11Y dio algunos como apóstoles, algunos como profetas, algunos como evangelizadores, algunos como pastores y maestros,12con miras al reajuste de los santos, para obra ministerial, para la edificación del cuerpo del Cristo,13hasta que todos logremos alcanzar la unidad en la fe y en el conocimiento exacto del Hijo de Dios, a un hombre hecho, a la medida de estatura que pertenece a la plenitud del Cristo;14a fin de que ya no seamos pequeñuelos, aventados como por olas y llevados de aquí para allá por todo viento de enseñanza por medio de las tretas de los hombres, por medio de astucia en tramar el error.15Antes bien, hablando la verdad, por el amor crezcamos en todas las cosas en aquel que es la cabeza, Cristo.16De él todo el cuerpo, por estar unido armoniosamente y hacérsele cooperar mediante toda coyuntura que da lo que se necesita, conforme al funcionamiento de cada miembro respectivo en la medida debida, contribuye al crecimiento del cuerpo para la edificación de sí mismo en amor.
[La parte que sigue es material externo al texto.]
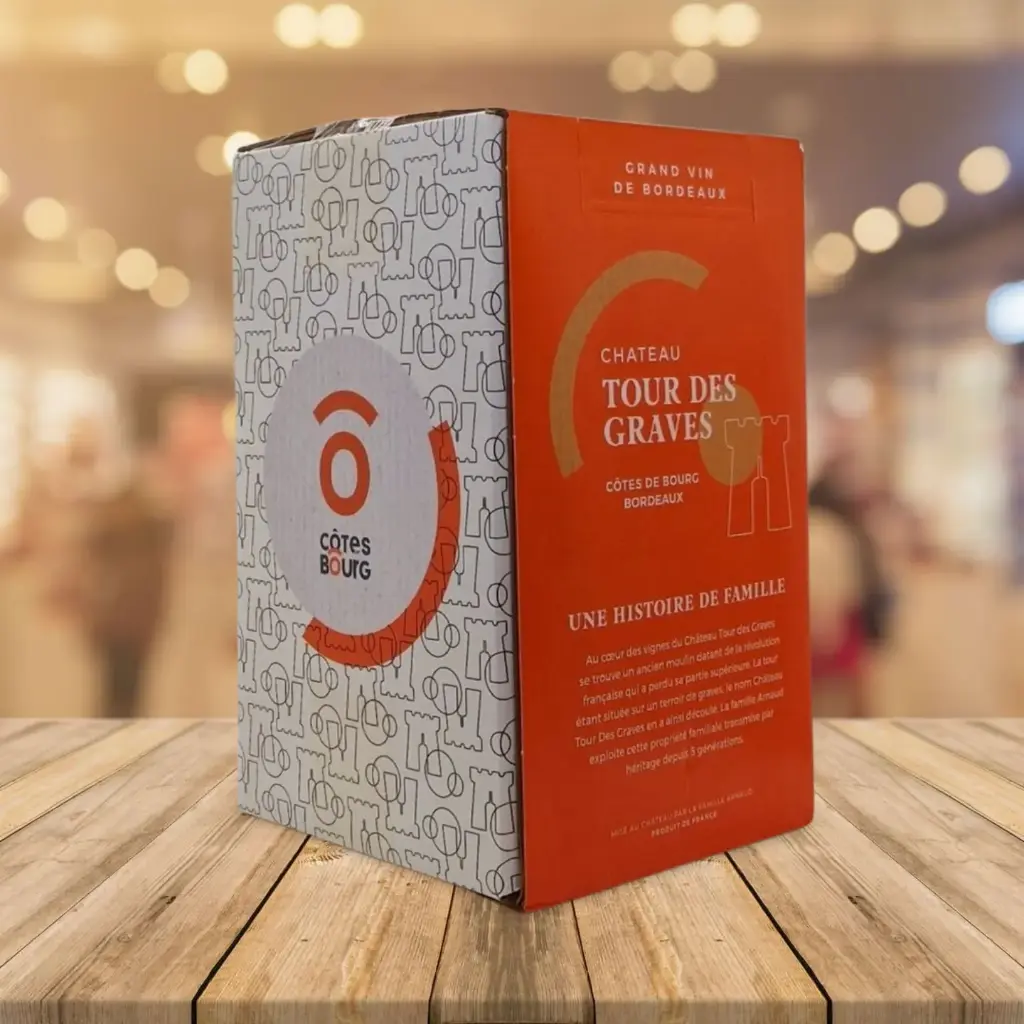 [1555-Blc] Château Tour des Graves - Bag-In-Box 5L - Côtes de Bourg (Blanc)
17Esto, por lo tanto, digo, y de ello doy testimonio en [el] Señor: que ya no sigan ustedes andando tal como las naciones también andan en la inutilidad de su mente,18mientras mentalmente se hallan en oscuridad, y alejadas de la vida que pertenece a Dios, a causa de la ignorancia que hay en ellas, a causa de la insensibilidad de su corazón.19Habiendo llegado a estar más allá de todo sentido moral, se entregaron a la conducta relajada para obrar toda clase de inmundicia con avidez.
20Pero ustedes no aprendieron que el Cristo sea así,21si es que, realmente, le oyeron y se les enseñó por medio de él, tal como [la] verdad está en Jesús,22que ustedes deben desechar la vieja personalidad que se conforma a su manera de proceder anterior y que va corrompiéndose conforme a sus deseos engañosos;23pero que deben ser hechos nuevos en la fuerza que impulsa su mente,24y deben vestirse de la nueva personalidad que fue creada conforme a la voluntad de Dios en verdadera justicia y lealtad.
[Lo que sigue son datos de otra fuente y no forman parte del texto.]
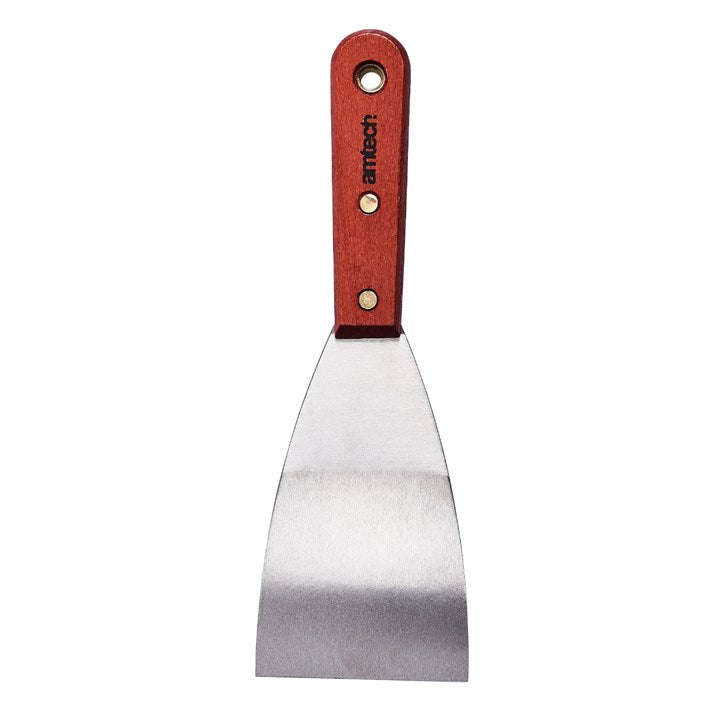 Amtech 75mm (3") Heavy duty scraper with wooden handle G0800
25Por lo cual, ahora que han desechado la falsedad, hable verdad cada uno de ustedes con su prójimo, porque somos miembros que nos pertenecemos unos a otros.26Estén airados, y, no obstante, no pequen; que no se ponga el sol estando ustedes en estado provocado,27ni dejen lugar para el Diablo.28El que hurta, ya no hurte más, sino, más bien, que haga trabajo duro, haciendo con las manos lo que sea buen trabajo, para que tenga algo que distribuir a alguien que tenga necesidad.29No proceda de la boca de ustedes ningún dicho corrompido, sino todo dicho que sea bueno para edificación según haya necesidad, para que imparta lo que sea favorable a los oyentes.30También, no estén contristando el espíritu santo de Dios, con el cual han sido sellados para un día de liberación por rescate.
31Que se quiten toda amargura maliciosa y cólera e ira y gritería y habla injuriosa, junto con toda maldad.32Más bien háganse bondadosos unos con otros, tiernamente compasivos, y perdónense liberalmente unos a otros, así como Dios también por Cristo liberalmente los perdonó a ustedes.